The noise of someone flat lining in a trauma suite sent a flurry of bodies through the room as some semblance of control returned. Cabot and the bitten officer were handcuffing the standing aggressor, and Sabrina, struck nearly dumb watched as that man's large white eyes rolled around. He was biting at the air madly, trying to snap at anything living that he sensed or saw. A nurse with more smarts about her than Sabrina slipped a mesh spitting hood over his face, hopefully mitigating the biting threat.
"What-, what happened?" She asked as Cabot walked over near her. She wasn't asking him directly, but he answered.
"They had two die in surgery or something. They wheeled the bodies out, and moved on, and not long after they died, they both sat the fuck up again. Angry. I guess they weren't quite dead. You see their fucking eyes? White as hell. Pure motherloving evil if I ever saw it. They bit a handful people on the arms and back before we got over. Your good Doctor Barry was one of them. He got bitten on the arm."

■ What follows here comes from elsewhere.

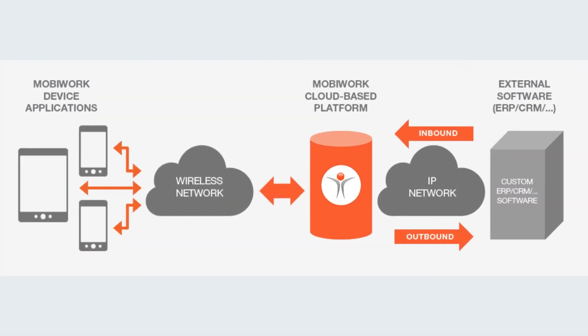Last but not least, MobiWork can easily be connected with other software solutions such as accounting, payment processing, payroll, CRM, and ERP solutions.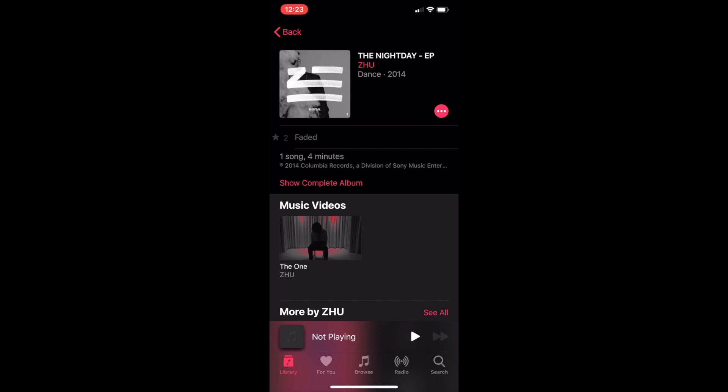What is up guys, it's your boy V-Dawg, back at you again with another YouTube video. Today we're going to be looking at a little bug inside the Apple Music application.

"Whoa. How many people got bitten before you got them cuffed?"
Cabot did a quick count. "Eight. Ten maybe? They seem okay." Cabot looked at his hands, stained red from someone's blood. Sabrina thought they looked like bear paws.
"You know Cabot, some guy on the news said that bite wounds were fatal. And that the dead folks were coming back to life and attacking people," Sabrina said, turning her gaze upwards from the man's large hands to his big eyes.
"Are there any patients with bite wounds that aren't being directly supervised right now? Because if there are, we need to put them together and observe them away from the other patients. There's no sense risking anymore injuries."
Sabrina thought of Matt just as she heard more screaming from the lobby she just left.
*****
Matt had gone on a gory rampage. The room he had died in was right near the lobby, just a scant fifteen feet from the flat screen television the crowd had all watched intently. Matt must have been able to leave the makeshift triage room and approach the crowd from behind.